**Records supplied**
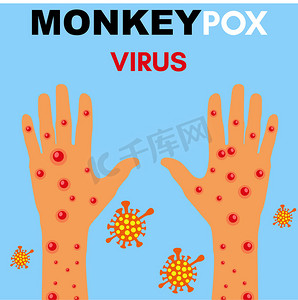 猴痘病毒插图，猴痘手载体，猴痘病毒爆发流行病设计与微观背景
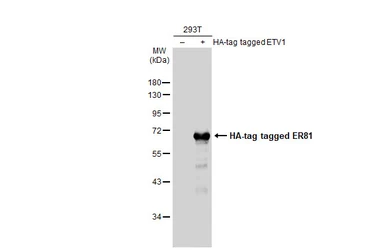 Anti-ER81 antibody used in Western Blot (WB). GTX129202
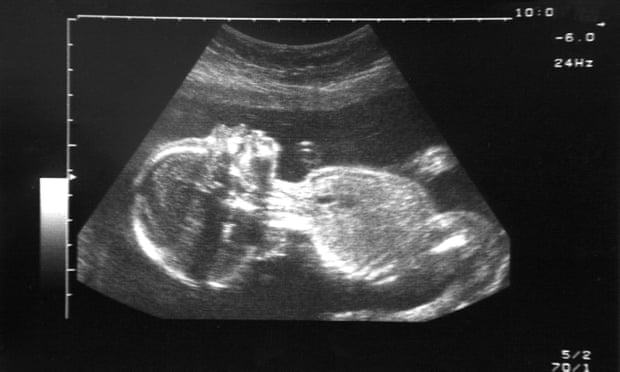 Foetal scan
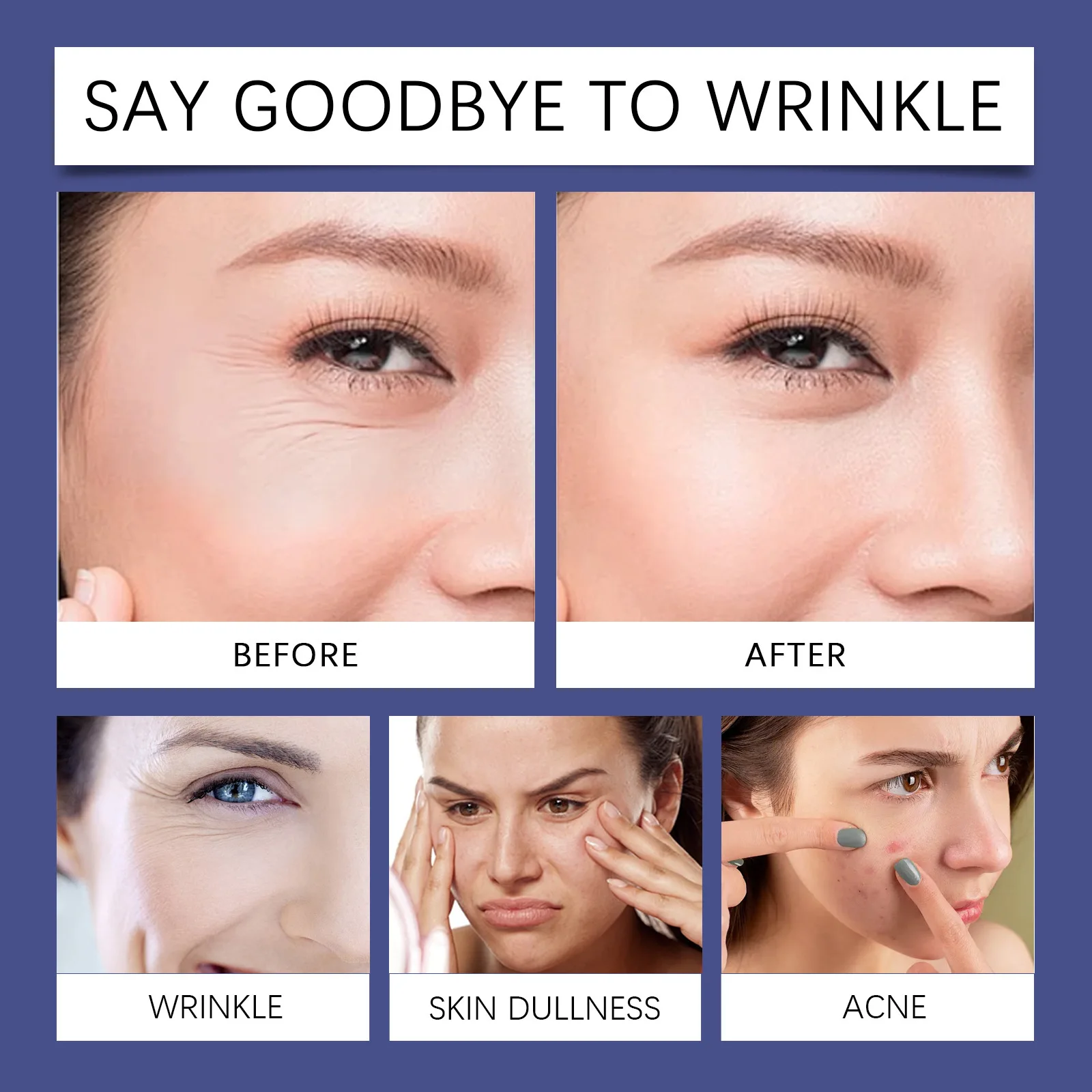 Hoygi Retinol Facial Moisturizer Face Cream Hyaluronic Acid Collagen Retinol Essence Hydrating Anti Wrinkle Anti Aging Night Creams Skin Care Cream 50g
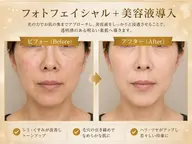【シミ・毛穴・くすみケア】フォト光×美容液導入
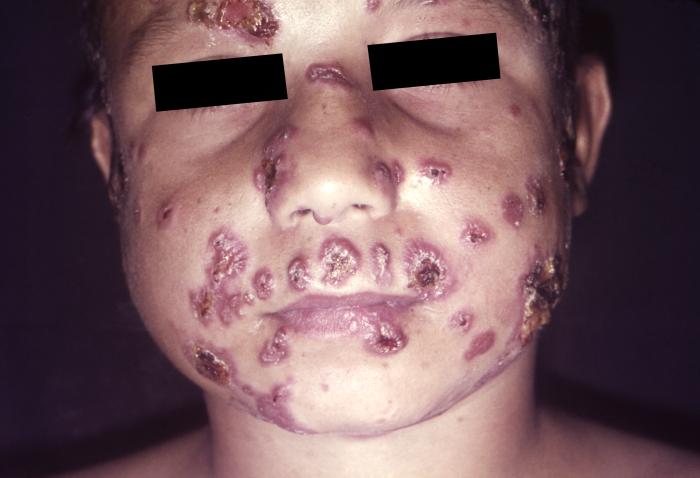 This image from 1965 depicted an anterior view of a Sao Paulo, Brazilian child’s face that displayed the ravages of the mycotic infection, paracoccidioidomycosis.[10]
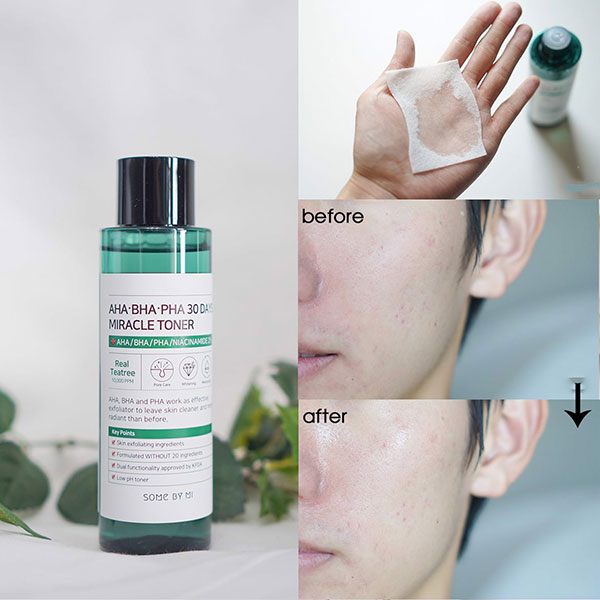 6 toner chứa BHA: Cứ bôi là da từ sần sùi, xỉn màu trở nên mướt rượt, căng bóng, nhan sắc lên hương từ đây- Ảnh 10.
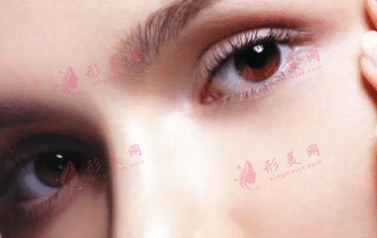 眼睑吸脂安全吗？效果怎么样？有什么优势？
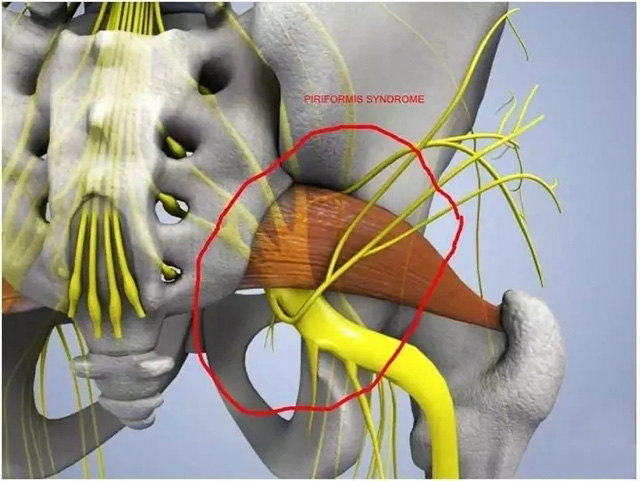你可能需要解决梨状肌损伤!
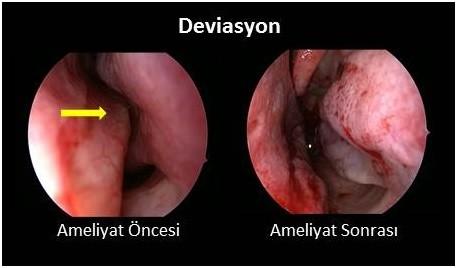 4)​ Burun tıkanıklığını açarak solunum yollarını rahatlatır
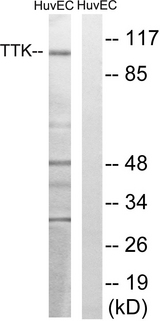MPS1 / TTK Antibody - Western blot analysis of lysates from HUVEC cells, treated with etoposide 25uM 24H, using TTK Antibody. The lane on the right is blocked with the synthesized peptide.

**Exercise details**
Leave out the pictures and copy every record above exactly.

**Answer to this problem**
 猴痘病毒插图，猴痘手载体，猴痘病毒爆发流行病设计与微观背景
 Anti-ER81 antibody used in Western Blot (WB). GTX129202
 Foetal scan
 Hoygi Retinol Facial Moisturizer Face Cream Hyaluronic Acid Collagen Retinol Essence Hydrating Anti Wrinkle Anti Aging Night Creams Skin Care Cream 50g
【シミ・毛穴・くすみケア】フォト光×美容液導入
 This image from 1965 depicted an anterior view of a Sao Paulo, Brazilian child’s face that displayed the ravages of the mycotic infection, paracoccidioidomycosis.[10]
 6 toner chứa BHA: Cứ bôi là da từ sần sùi, xỉn màu trở nên mướt rượt, căng bóng, nhan sắc lên hương từ đây- Ảnh 10.
 眼睑吸脂安全吗？效果怎么样？有什么优势？
你可能需要解决梨状肌损伤!
 4)​ Burun tıkanıklığını açarak solunum yollarını rahatlatır
MPS1 / TTK Antibody - Western blot analysis of lysates from HUVEC cells, treated with etoposide 25uM 24H, using TTK Antibody. The lane on the right is blocked with the synthesized peptide.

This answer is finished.